One of the big problems abicipar ran into was competition. Patients already have effective wet AMD treatments in Regeneron's Eylea, Roche's Lucentis and off-label Avastin, which sets a high bar for new drugs to clear. Novartis, for instance, has had a tough time breaking through with its wet AMD drug Beovu due to side effects not seen with rival medicines.
Allergan has had similar problems. It showed in clinical testing that abicipar was just as effective as Lucentis. But unlike the Roche drug, abicipar led to relatively high rates of inner eye inflammation.
The company then ran another study, hoping for a cleaner safety profile.

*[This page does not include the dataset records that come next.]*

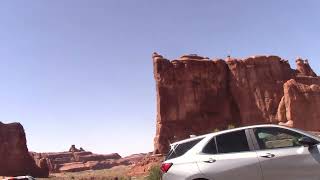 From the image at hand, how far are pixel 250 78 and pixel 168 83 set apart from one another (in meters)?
14.1

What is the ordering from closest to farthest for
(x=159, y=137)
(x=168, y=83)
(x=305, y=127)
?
(x=305, y=127) < (x=159, y=137) < (x=168, y=83)

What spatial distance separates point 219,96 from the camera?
Result: 8150cm

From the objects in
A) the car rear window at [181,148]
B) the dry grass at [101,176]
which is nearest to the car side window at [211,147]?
the car rear window at [181,148]

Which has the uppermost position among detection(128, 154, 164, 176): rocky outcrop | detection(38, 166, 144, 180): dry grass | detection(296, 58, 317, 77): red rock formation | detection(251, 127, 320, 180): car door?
detection(296, 58, 317, 77): red rock formation

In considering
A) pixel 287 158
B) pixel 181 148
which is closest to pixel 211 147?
pixel 181 148

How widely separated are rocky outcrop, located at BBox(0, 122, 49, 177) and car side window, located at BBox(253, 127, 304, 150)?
85.2m

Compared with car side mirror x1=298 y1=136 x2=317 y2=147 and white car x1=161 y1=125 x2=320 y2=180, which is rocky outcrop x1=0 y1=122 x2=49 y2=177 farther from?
car side mirror x1=298 y1=136 x2=317 y2=147

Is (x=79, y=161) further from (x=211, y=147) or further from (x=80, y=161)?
(x=211, y=147)

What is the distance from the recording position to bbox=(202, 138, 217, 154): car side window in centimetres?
883

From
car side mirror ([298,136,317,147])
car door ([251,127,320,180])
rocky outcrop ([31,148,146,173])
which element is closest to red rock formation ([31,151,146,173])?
rocky outcrop ([31,148,146,173])

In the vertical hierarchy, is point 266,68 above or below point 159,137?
above

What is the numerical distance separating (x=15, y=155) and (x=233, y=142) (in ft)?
290

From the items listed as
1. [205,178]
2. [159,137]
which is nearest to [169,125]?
[159,137]

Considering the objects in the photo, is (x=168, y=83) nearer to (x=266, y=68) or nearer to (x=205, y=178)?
(x=266, y=68) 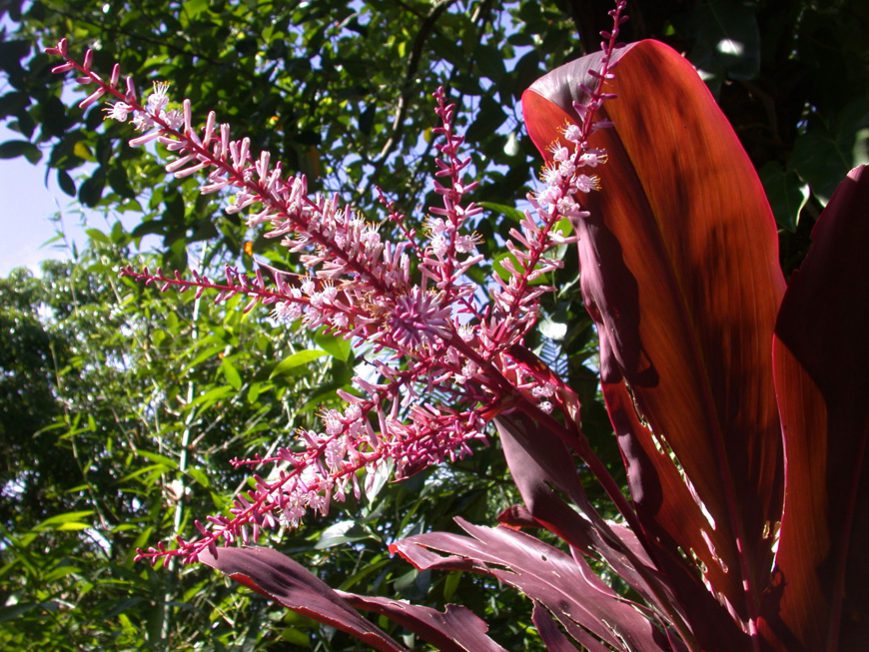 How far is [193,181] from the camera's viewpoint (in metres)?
2.17

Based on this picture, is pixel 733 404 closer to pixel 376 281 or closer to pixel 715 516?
pixel 715 516

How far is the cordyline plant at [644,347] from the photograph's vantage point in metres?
0.44

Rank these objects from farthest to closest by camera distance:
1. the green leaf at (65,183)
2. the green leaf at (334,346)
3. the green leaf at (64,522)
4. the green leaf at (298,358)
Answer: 1. the green leaf at (65,183)
2. the green leaf at (64,522)
3. the green leaf at (298,358)
4. the green leaf at (334,346)

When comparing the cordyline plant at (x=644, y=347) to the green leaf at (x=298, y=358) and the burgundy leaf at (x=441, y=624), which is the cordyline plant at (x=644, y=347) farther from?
the green leaf at (x=298, y=358)

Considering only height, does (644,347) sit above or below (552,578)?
above

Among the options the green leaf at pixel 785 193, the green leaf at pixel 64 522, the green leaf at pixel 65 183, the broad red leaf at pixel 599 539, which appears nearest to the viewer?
the broad red leaf at pixel 599 539

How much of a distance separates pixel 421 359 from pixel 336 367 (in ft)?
2.47

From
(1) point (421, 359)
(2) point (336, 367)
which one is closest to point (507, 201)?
(2) point (336, 367)

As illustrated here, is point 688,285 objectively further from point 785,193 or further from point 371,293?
point 785,193

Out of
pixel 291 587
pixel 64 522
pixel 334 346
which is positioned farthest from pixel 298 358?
pixel 64 522

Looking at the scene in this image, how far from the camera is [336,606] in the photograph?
2.09ft

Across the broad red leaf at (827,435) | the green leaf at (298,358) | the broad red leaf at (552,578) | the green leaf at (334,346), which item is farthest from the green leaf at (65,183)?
the broad red leaf at (827,435)

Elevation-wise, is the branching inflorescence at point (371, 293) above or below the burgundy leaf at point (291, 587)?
above

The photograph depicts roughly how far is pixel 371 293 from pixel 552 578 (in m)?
0.41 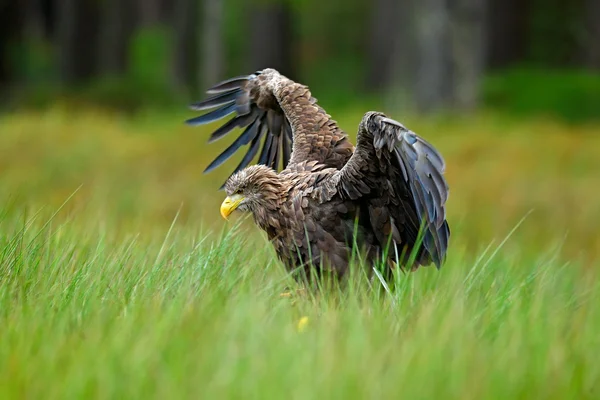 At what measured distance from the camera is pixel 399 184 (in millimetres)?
4305

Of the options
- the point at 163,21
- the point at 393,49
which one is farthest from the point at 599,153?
the point at 163,21

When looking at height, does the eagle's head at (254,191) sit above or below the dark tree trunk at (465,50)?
above

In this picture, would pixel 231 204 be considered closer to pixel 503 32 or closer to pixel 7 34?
pixel 7 34

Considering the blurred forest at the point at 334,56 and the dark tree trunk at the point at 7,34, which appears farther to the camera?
the dark tree trunk at the point at 7,34

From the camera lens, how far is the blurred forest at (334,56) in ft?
44.2

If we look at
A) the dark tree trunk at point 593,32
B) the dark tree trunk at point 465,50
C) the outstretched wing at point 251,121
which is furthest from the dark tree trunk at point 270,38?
the outstretched wing at point 251,121

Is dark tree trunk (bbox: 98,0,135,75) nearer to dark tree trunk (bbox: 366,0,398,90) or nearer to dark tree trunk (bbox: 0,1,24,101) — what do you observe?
dark tree trunk (bbox: 0,1,24,101)

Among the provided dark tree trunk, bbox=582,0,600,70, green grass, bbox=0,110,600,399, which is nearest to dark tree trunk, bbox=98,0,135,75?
dark tree trunk, bbox=582,0,600,70

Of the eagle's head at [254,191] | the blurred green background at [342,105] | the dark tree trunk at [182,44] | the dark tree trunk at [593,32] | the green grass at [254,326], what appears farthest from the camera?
the dark tree trunk at [182,44]

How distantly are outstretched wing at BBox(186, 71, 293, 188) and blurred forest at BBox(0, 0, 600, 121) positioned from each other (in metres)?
7.76

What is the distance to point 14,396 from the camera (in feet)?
8.42

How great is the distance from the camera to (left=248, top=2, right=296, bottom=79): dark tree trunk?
19828mm

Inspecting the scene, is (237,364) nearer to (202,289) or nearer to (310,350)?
(310,350)

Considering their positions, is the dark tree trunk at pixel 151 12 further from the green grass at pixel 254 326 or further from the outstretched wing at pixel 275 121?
the green grass at pixel 254 326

Yet the inflammation rates, while lower, were still about 9%, with a couple of patients experiencing severe side effects. The results raised doubts among Wall Street analysts, who came to expect limited use among doctors even if the drug were approved.
With an FDA rejection now in hand, the task of clearing up these safety concerns falls on AbbVie. Shares of the company were down a little more than 1% Friday morning.
"We continue to believe in the need for treatment options that provide patients with reliable vision gains and less frequent dosing for the treatment of [wet AMD]," said Michael Robinson, AbbVie's global therapeutic area head for ophthalmology, adding that the company is committed to working with the FDA on next steps.
SVB Leerink analyst Geoffrey Porges doesn't have high hopes, though. He wrote in a note to clients that, following the rejection, the likelihood of abicipar coming to market "goes from remote to impossible." The investment bank now expects AbbVie to discontinue other abicipar trials, including a mid-stage study in diabetic macular edema, and to "abandon the application and write off the development program."